The law and guidance

  1. The Care Act 2014 sets out the Council’s duty to assess the care needs and financial resources of the person needing care, and also allows the Council to charge for the cost of care.
  2. The government issued the Care and Support Statutory Guidance 2014 which sets out how councils meet these duties. This says “The personal budget is defined as the cost to the Council of meeting the person’s needs which the Council chooses or is required to meet. However, the Council should take into consideration cases or circumstances where this ‘cost to the Council’ may need to be adjusted to ensure that needs are met. For example, a person may have specific dietary requirements that can only be met in specific settings.” (Annex A paragraph 11 of the Care and Support Statutory Guidance 2014)
  3. The (Choice of Accommodation) Regulations 2014 (SI 2014/2670) sets out what people should expect from a council when it arranges a care home place for them. It says that once a needs assessment has determined what type of accommodation will best suit the person’s needs, the person will have a right to choose the particular provider or location, subject to certain conditions.
  4. The Council has to arrange to accommodate the person in a care home of his or her choice provided:
    • The accommodation is suitable for the person’s assessed needs;
    • To do so would not cost the Council more than the amount in the adult’s personal budget for accommodation of that type;
    • The accommodation is available; and
    • The provider of the accommodation is willing to enter a contract with the Council to provide the care at the rate identified in the person’s personal budget on the Council’s terms and conditions.

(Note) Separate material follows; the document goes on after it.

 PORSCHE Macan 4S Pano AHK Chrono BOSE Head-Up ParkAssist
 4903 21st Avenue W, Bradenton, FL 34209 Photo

  5. The Council must ensure that at least one choice is available that is affordable within a person’s personal budget and should ensure there is more than one choice. If no suitable accommodation is available at the amount identified in the personal budget, the Council must arrange care in a more expensive setting and adjust the budget to ensure it meets the person’s needs. In such circumstances, the Council must not ask anyone to pay a ‘top-up’ fee. A top up fee is the difference between the personal budget and the cost of a home.
  6. However, if a person chooses to go into a home that costs more than the personal budget, and the council can show that it can meet the person’s needs in a less expensive home within the personal budget, it can still arrange a place at the home if the person can find someone else (a ‘third party’) to pay the top up.
  7. The Council needs to ensure the person paying the ‘top-up’ enters a written agreement with the Council and can meet the extra costs for the likely duration of the agreement.
  8. Having chosen a setting that is more expensive, based on good information and advice, the Council should ensure that the person understands the full implications of this choice, remembering that this is often a point of crisis. This should include for example that a third party, or in certain circumstances the person needing care and support, will need to meet the additional cost of that setting for the full duration of their stay and that should the additional cost not be met they may be moved to an alternative setting.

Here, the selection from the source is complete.